Stock futures for the S&P50 mini index climbed 1% to 1,706.50, leading Asian bourses higher.
MSCI's broadest index of Asia-Pacific shares outside Japan gained 1.3% to their highest since early June. South Korean shares added 0.6%, as did Australia, while Indonesia rose 1.6%.
Markets in China bucked the trend with Shanghai's main index a shade softer for the day.
Sentiment was also underpinned by Saturday's deal between Russia and the United States to demand that Syrian President Bashar al-Assad account for his chemical arsenal within a week and let international inspectors eliminate all the weapons by the middle of next year.
Pushing out the hike
In debt markets, futures for the US Treasury 10-year note leaped almost a full point, a sizable move for Asian hours, as investors took yields lower. There was no trading in cash Treasury paper as Tokyo was off.

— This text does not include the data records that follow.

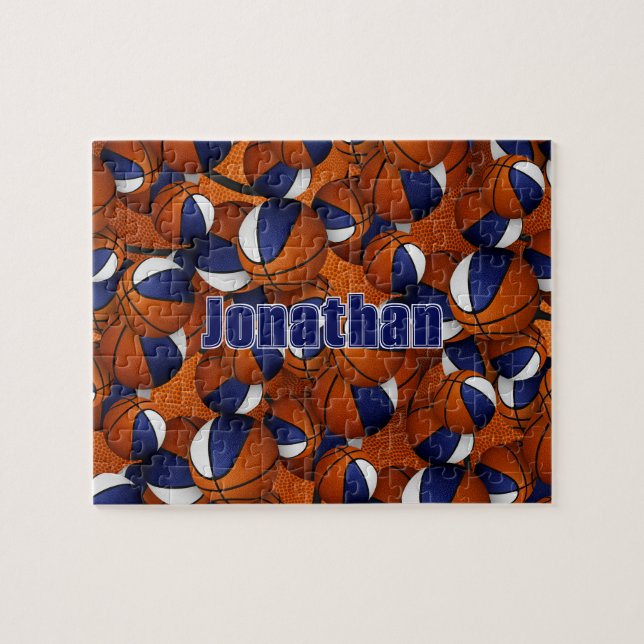 blue white basketball boys girls team colors jigsaw puzzle (Horizontal)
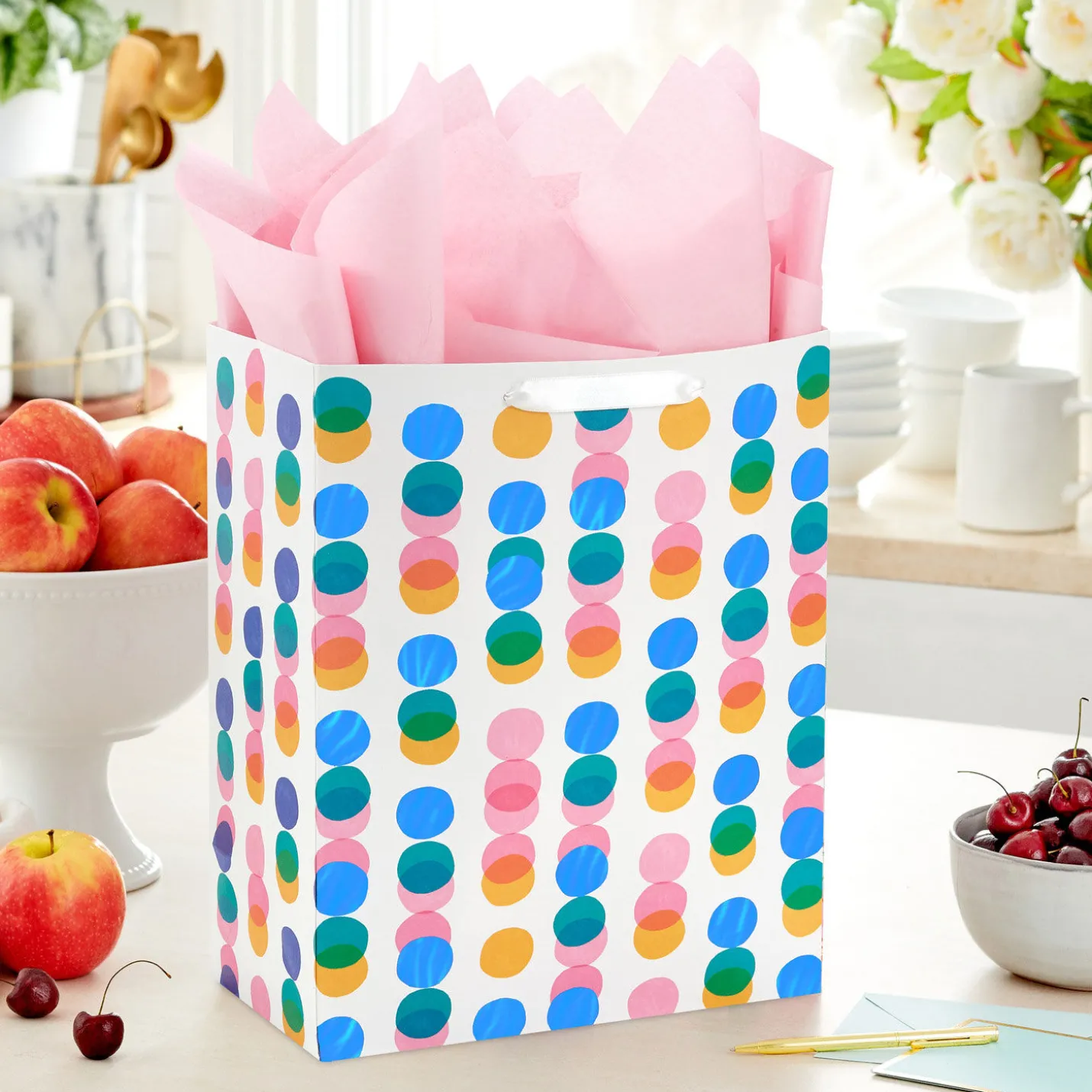 13" Falling Rows of Dots Large Gift Bag With Tissue Paper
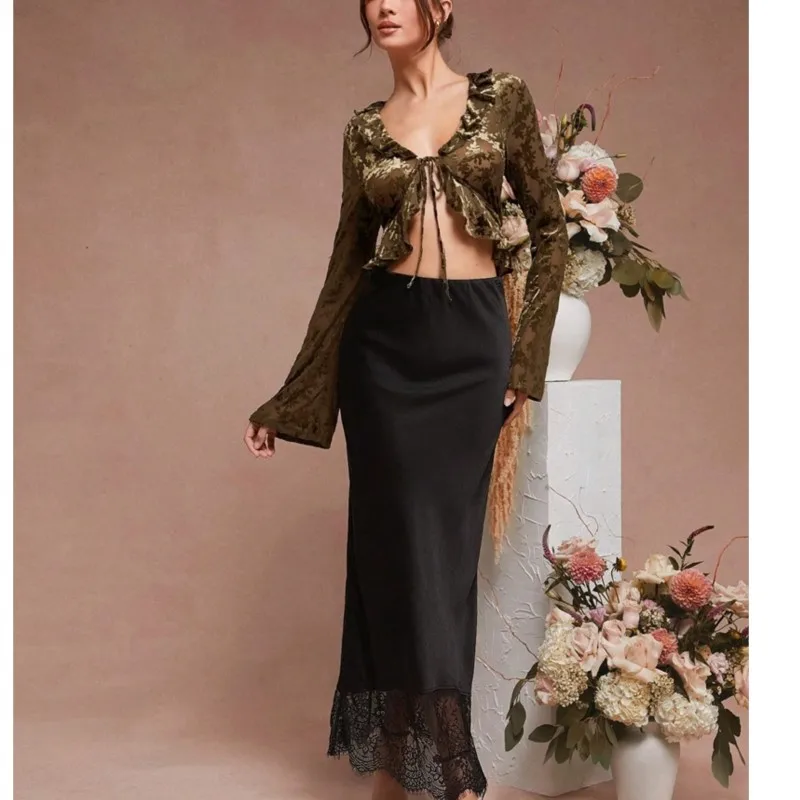 

Классическая шикарная легкая атласная юбка, черная универсальная женская рубашка с высокой талией на весну и лето, элегантная кружевная лоскутная черная рубашка, Vestidos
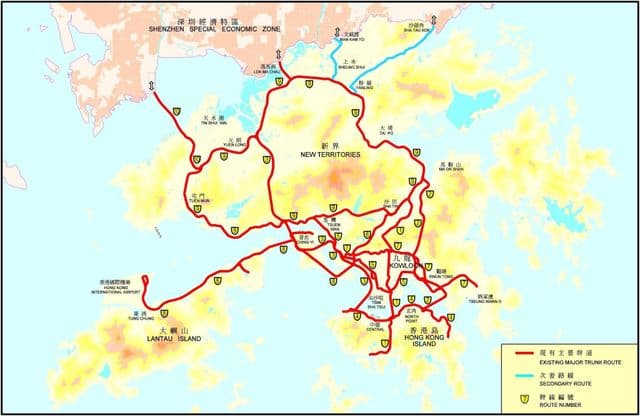 Mapa de carreteras de Hong Kong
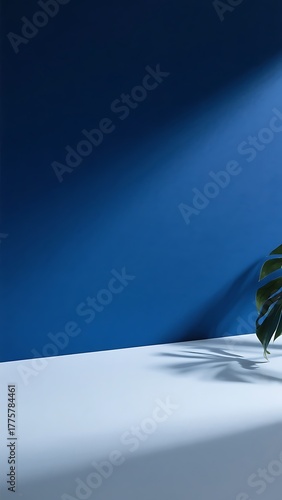 Lone evergreen tree casts a long shadow on a snowy landscape under a deep blue sky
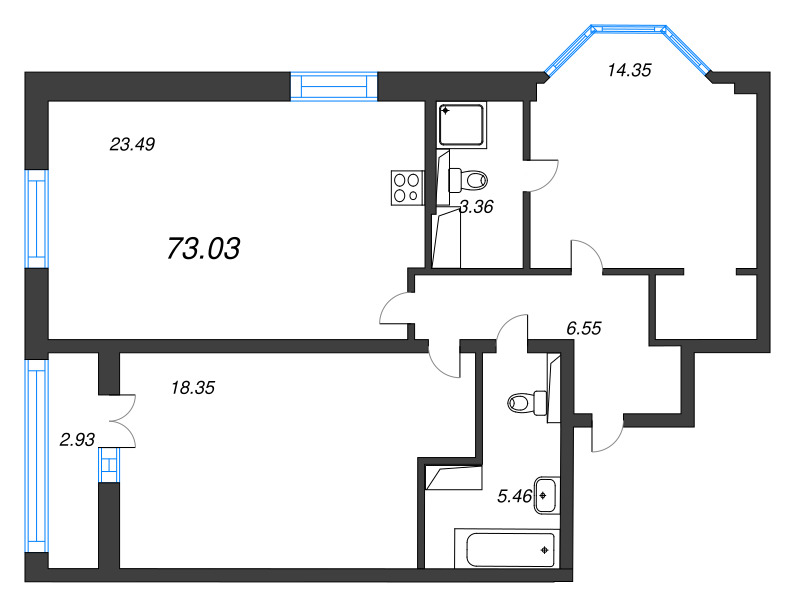 3 ккв (Евро) 73 м²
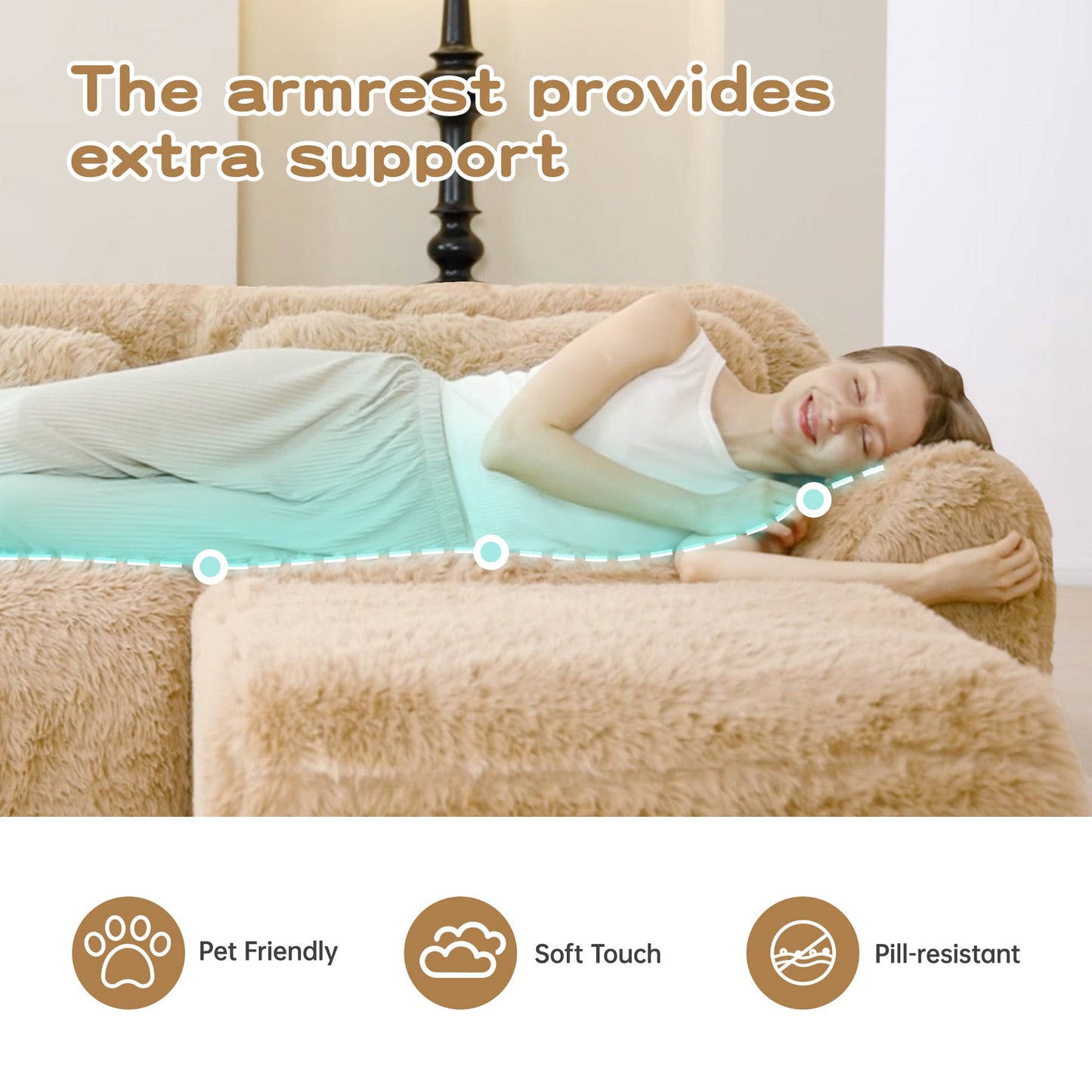 L-Shaped soft fluffy modular sectional sofa in beige plush fabric with a person resting on it on Tampa Home & Garden Store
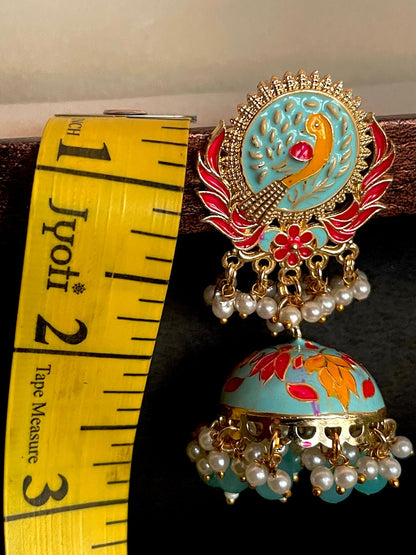 Peacock Top Meenakari Jhumka Earring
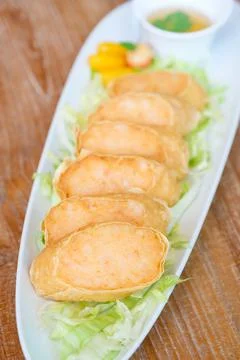 Deep Fried Chicken Roll Stock Photos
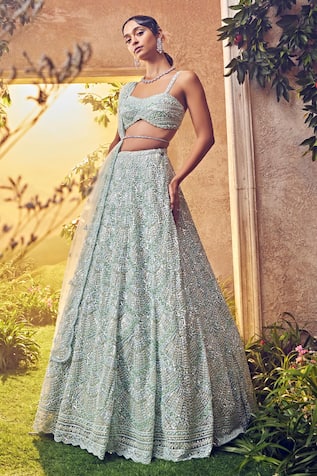 Aneesh Agarwaal Scallop Ornamental Sequin Embroidered Bridal Lehenga Set 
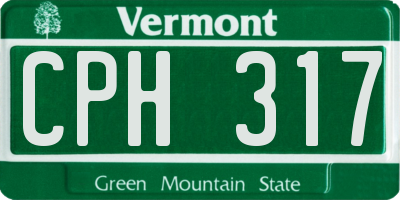 VT license plate CPH317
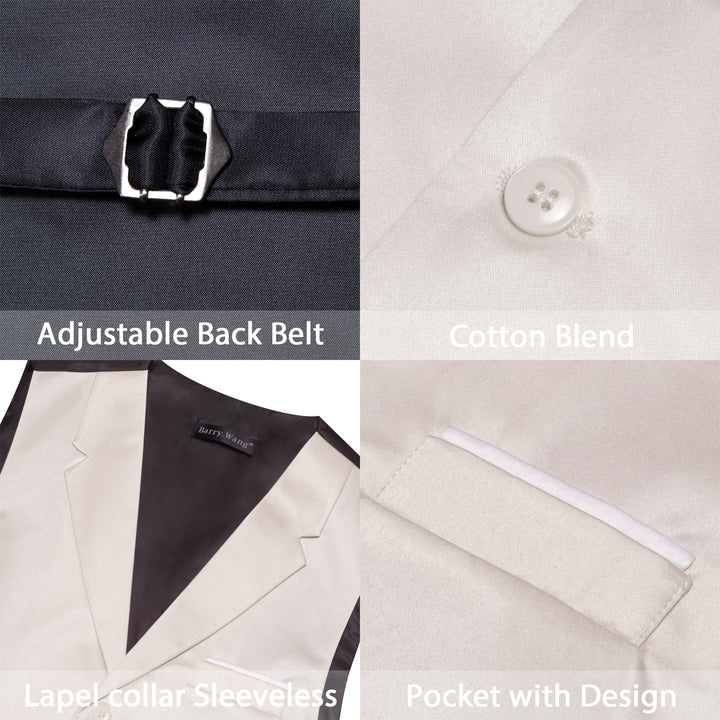 mens business classic solid silk Notched Collar Sleeveless cream white vest tuxedo tie pocket square cufflinks set with white office dress shirt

The more distant Eurodollar contracts rallied sharply as the market pared back expectations for how quickly the Fed might finally start to tighten, as opposed to just tapering its stimulus.
Contracts from late 2014 out to 2016 all enjoyed double-digit gains suggesting a hike was now considered more likely in 2015, rather than in late 2014.
The prospect of a more protracted easing cycle would be a big relief to emerging markets from India to Brazil which have been hammered by expectations offshore funds would switch to developed markets as yields there rose.
Gold recouped some of last week's losses, with the metal rising to $1,331.36 an ounce, from around $1,308.
Oil prices declined as the likelihood of a US strike on Syria seemed to recede further. Brent crude lost 86 cents to $110.84 a barrel, while NYMEX crude shed 81 cents to $107.40.